= New York Art Resources Consortium =

The New York Art Resources Consortium (NYARC) consists of the research libraries of three leading art museums in New York City: The Brooklyn Museum, The Frick Collection, and The Museum of Modern Art. With funding from The Andrew W. Mellon Foundation, NYARC was formed in 2006 to facilitate collaboration that results in enhanced resources for research communities. Called a groundbreaking partnership, NYARC also provides a framework for collaboration among art research libraries.

==History==
The NYARC libraries have a long history of collaborating on projects, dating back to the 1980s and the establishment of the Art Museum Library Consortium. The collaborative efforts of the Art Museum Library Consortium resulted in the retrospective conversion of the Brooklyn Museum, The Metropolitan Museum of Art, The Museum of Modern Art and the Museum of Fine Arts in Boston card catalogs into an online format.

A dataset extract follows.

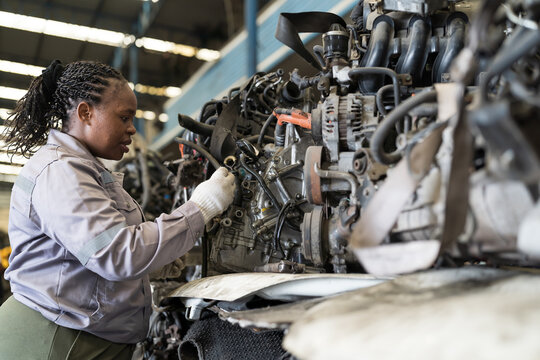 Automotive spare parts warehouse or auto parts warehouse. Female warehouse worker inspecting spare parts in auto parts warehouse. African American female worker checking old engine in garage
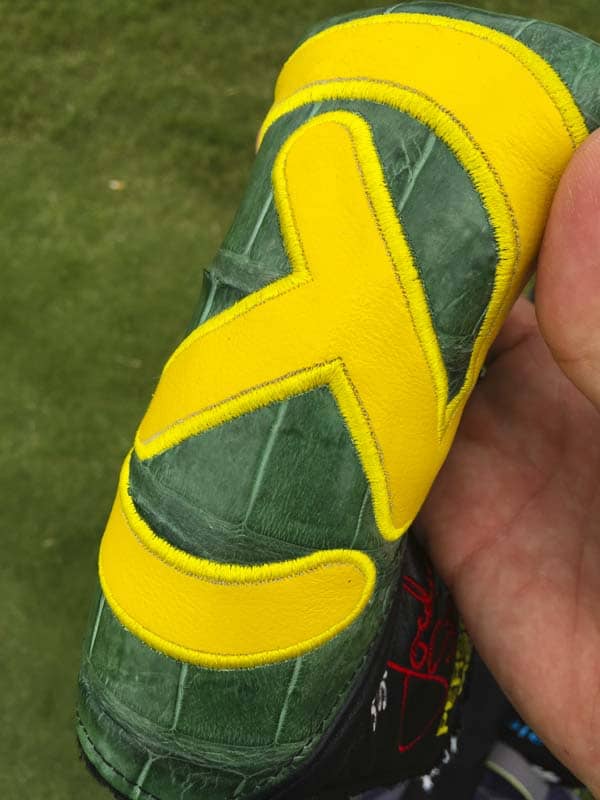 A vibrant Circle T on gator hide.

In 2004 the libraries of the Brooklyn Museum, The Frick Collection, The Metropolitan Museum of Art and The Museum of Modern Art were awarded a planning grant by the Andrew W. Mellon Foundation to conduct an environmental scan and identify potential areas for collaboration. This grant resulted in a comprehensive planning document for NYARC, which serves as the consortium's roadmap.

The Metropolitan Museum of Art, a founding member of NYARC, withdrew from the consortium in 2011; however, the NYARC libraries and the libraries of The Metropolitan Museum of Art continue to work together on collaborative projects on an ad hoc basis.

==Projects==
Since NYARC was formed in 2006 the members have been involved in a number of initiatives. Past and current initiatives are listed alphabetically below.
- NYARC Discovery: Containing over 1,000,000 records, NYARC Discovery is the online catalog for the Frick Art Research Library and the libraries of the Brooklyn Museum and The Museum of Modern Art. The catalog, formerly known as Arcade, was launched in 2009.

In 2011, records documenting over 125,000 cataloged works of art from the Frick's Photoarchive were added to Arcade, creating the first publicly accessible interface for this rich collection.
- ARTstor Brooklyn Museum Costumes: ARTstor is collaborating with The Metropolitan Museum of Art to share approximately 5,800 images of American and European costumes and accessories from the Brooklyn Museum in the Digital Library.
- JSTOR 19th Century American Art Periodicals: JSTOR's Arts & Sciences VIII Collection will include a group of rare 19th and early 20th century American Art periodicals digitized as part of a special project undertaken with the Metropolitan Museum of Art, the Frick Collection, and the Brooklyn Museum.
- JSTOR Auction Catalogs Beta: JSTOR is collaborating with the Thomas J. Watson Library at The Metropolitan Museum of Art and the Frick Art Research Library in a pilot project funded by the Andrew W. Mellon Foundation to understand how auction catalogs can best be preserved for the long term and made most easily accessible for scholarly use.
- Knoedler Gallery Digital Collection: The Thomas J. Watson Library at The Metropolitan Museum of Art and the Frick Art Research Library are currently digitizing the Knoedler Gallery exhibition checklists and pamphlets covering the period 1877-1932. The project has been completed.
- Macbeth Gallery Digital Collection: The Thomas J. Watson Library at The Metropolitan Museum of Art and the Frick Art Reference Library digitized the exhibition checklists and pamphlets of the Macbeth Gallery in the fall of 2008.
- NYC-7: Seven New York institutions - Brooklyn Museum Library, Columbia University Libraries, Frick Art Research Library, Metropolitan Museum of Art Thomas J. Watson Library, Museum of Modern Art Library, New York Public Library and New York University Libraries - are engaged in collaboration discussions.
- OCLC Collection Analysis: A project to analyze the collections of the four NYARC members was completed in August 2008 by OCLC's RLG Programs division in order to provide the libraries with information about the NYARC collections.